When you chain specs together (spec A extracts signatures, spec B validates document state, spec C records the result in your database), each link in the chain has a documented success rate. The system-level reliability emerges from the mathematics: if each step is 99% reliable, the full pipeline is 99% × 99% × 99% = 97% reliable. You can calculate it.

SaaS vendors don’t publish their failure rates. They publish uptime (99.9% uptime is “the service is available,” not “the feature works correctly for your use case”). The actual success rate for your specific workflow is invisible.

The rejection log is the audit trail

Here is a subtle but critical insight: rejection is transparency.

In traditional software, failed tests are noise. “Oh, the tests failed in CI. That developer will fix it.” Failures are private, internal, a sign that someone made a mistake.

In spec-based systems, failed test runs are public data. When Agent A runs a spec and 8% of cases fail, that 8% is recorded. Other agents can see it. You can see it. The spec creator can see it.

This creates an unexpected benefit: specs that fail transparently are more trustworthy than systems that claim perfection but hide their gaps.

A spec that says “97% success rate, and here are the 3% failure modes” is more useful than a SaaS tool that says “99.99% uptime” while your actual integration succeeds 92% of the time.

The rejection log is the audit trail. Every failure is documented. You don’t need to trust the vendor’s explanation — you have evidence.

Why this changes autonomy

Here is where it gets really interesting: test-first specs enable autonomous agent execution without human bottlenecks.

Traditionally, when an agent does work, you verify it. The agent extracts data, you review it. The agent makes a decision, you approve it. The agent runs code, you test it. Every action requires human review because you don’t trust the agent’s self-assessment.

Test-first specs invert this. The agent runs the spec. The tests run. The success rate is output. You don’t review the agent’s judgment — you review the test results. And test results are deterministic.

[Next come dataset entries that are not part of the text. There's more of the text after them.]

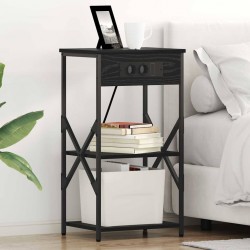 Sonata H Нощен шкаф 2 pcs Черен дъб 41 x 31 x 76 см Инженерно дърво - Noptiere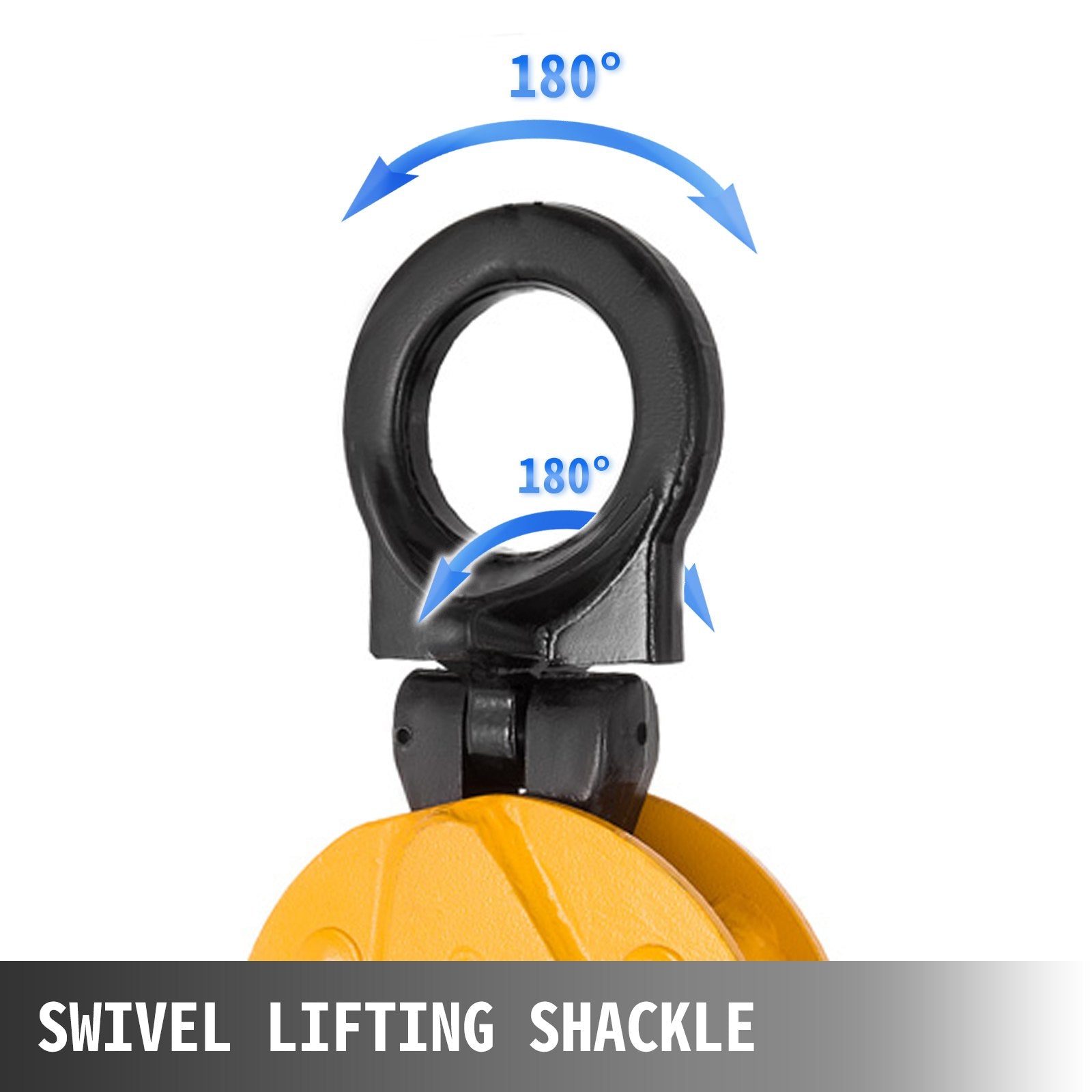 Heavy-Duty Vertical Plate Lifting Clamp 1760lbs Capacity, Durable Alloy Steel, Swivel Shackle, Secure Spring, Jaw 0-15mm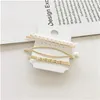 3 Adet / takım Inci Metal Saç Klip Hairband Tarak Bobby Pin Barrette Firkete Headdress Aksesuarları Güzellik Styling Araçları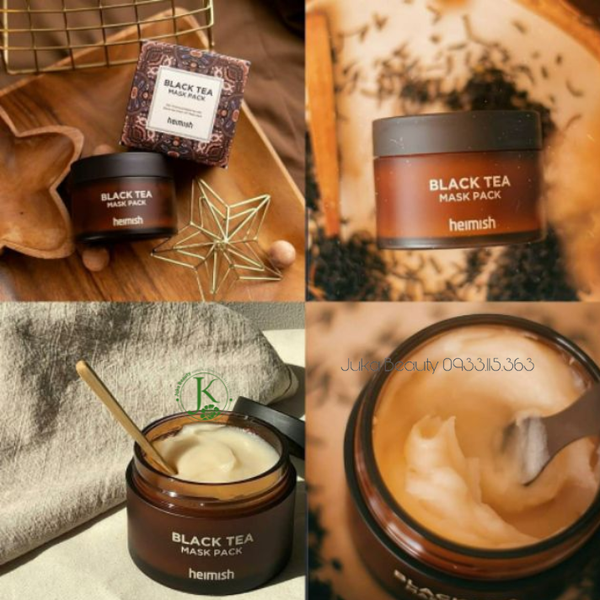 Mặt Nạ Heimish trà đen Heimish Black Tea Mask Pack 110ml
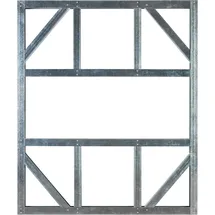 Globel Fundamentbodenrahmen 113 x 234 cm Silber
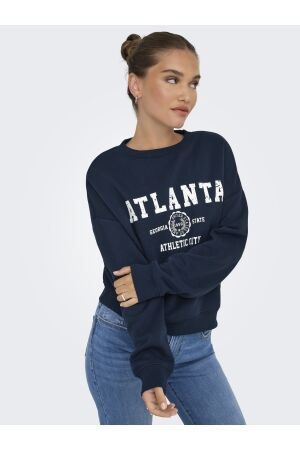 Only Only onlsweat life l/s crew o.size state noos Sweater sky captain atlanta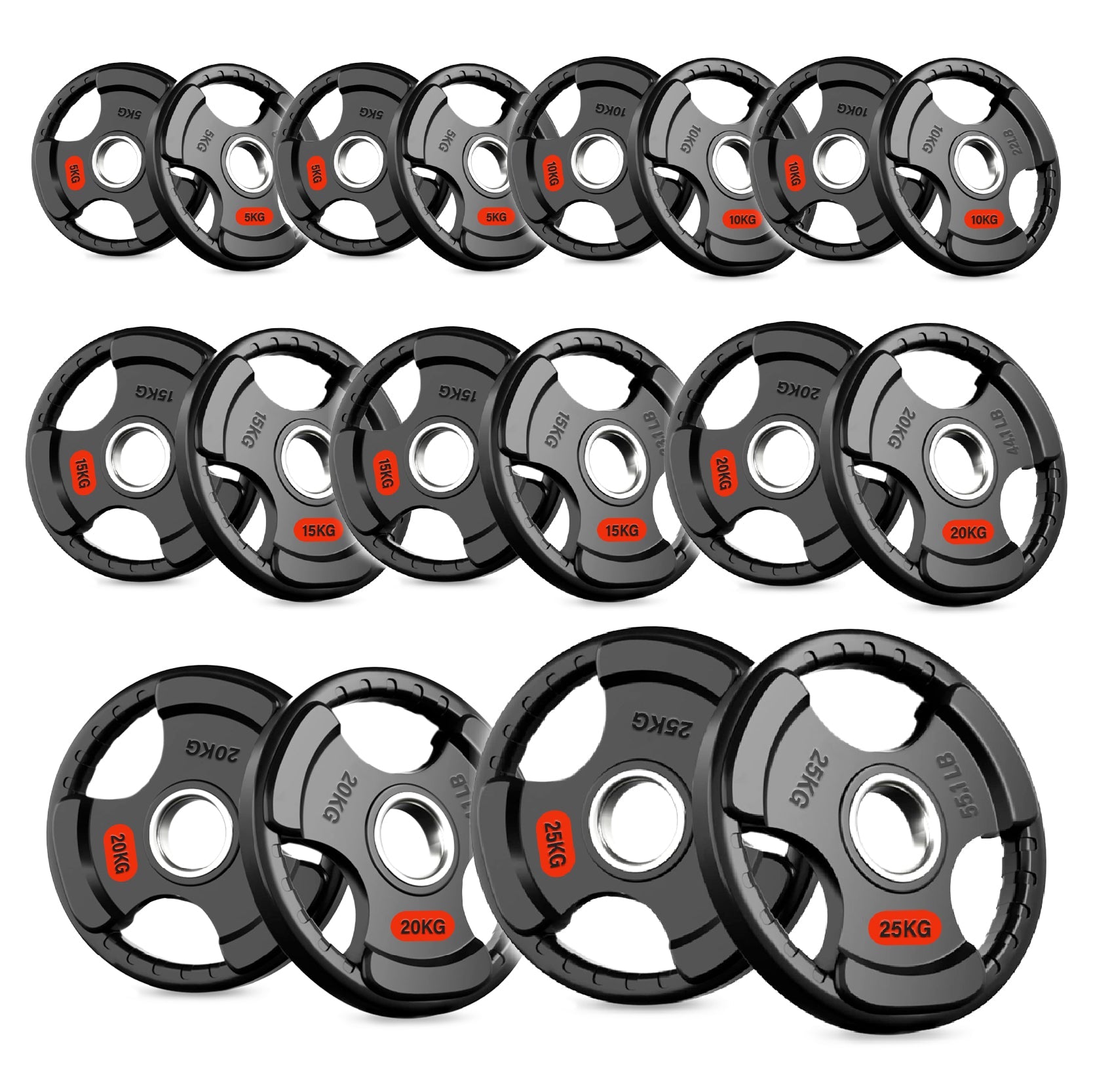 Tri-Grip Weight Plates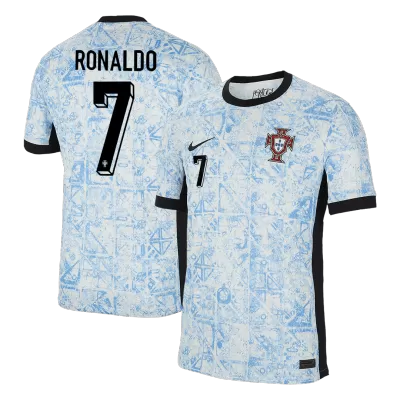 Men's Portugal RONALDO #7 Away Soccer Short Sleeves Jersey 2024 - worldjerseyshop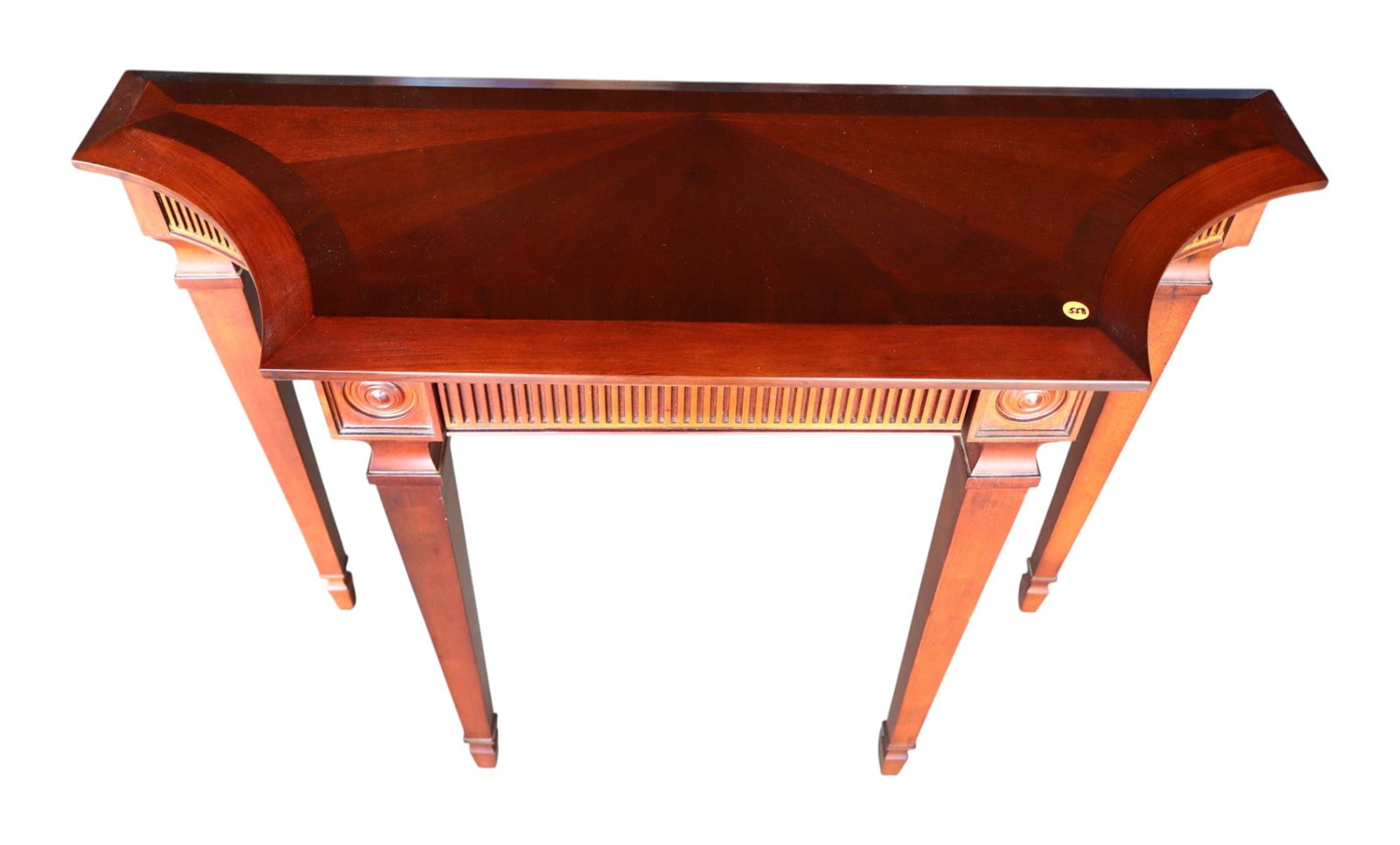 Vintage Bombay 1 drawer cherry console table (1 of 6)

This is why agent autonomy becomes safe with specs:

Agent does work without approval
Tests verify the output
Success rate is public
You can audit the failures

No human in the loop slowing down the process. No trust required. Just measurable evidence.

The spectrum of specs

Specs on SpecMarket span different reliability tiers:

Emerging specs (beta): 40-60% success rate. Useful for exploratory work, but not production.
Stable specs: 85-95% success rate. Good for integration with manual review of edge cases.
Hardened specs: 96%+ success rate, documented failure modes. Production-ready for most use cases.
Specialized specs: Domain-specific solutions (audit extraction, form parsing, etc.) with 99%+ success rate in their niche.

The spec marketplace sorts by success rate and user volume. A spec with 1,000 runs at 97% success is more credible than a spec with 50 runs at 100% success. The numbers are transparent.

SaaS vendors don’t publish this data because they can’t — the definition of “success” is too context-dependent. A CRM success rate depends on your data model, your workflows, your integrations. Each customer sees different reliability.

Specs eliminate this ambiguity. The spec author defines what success means (passing test cases). Users measure it. The community votes with their confidence (high-success specs get adopted, low-success specs get forked and improved).

What this means for builders

If you are building a spec, ship it with tests. The tests are not validation. They are your spec’s identity. They are what define success.

If you are choosing a spec, check the success rate. Not the vendor’s promises. Not the feature list. The actual measured reliability across real runs.

If you are building against specs (using them in your workflow), you can compose them without fear of hidden failures. Each component has a documented reliability. The system-level risk is calculable.

This is the shift: from trust-based (believe the vendor) to measurement-based (verify the output).

Specs ship with tests because tests are not a feature of specs. Tests are what make specs specs.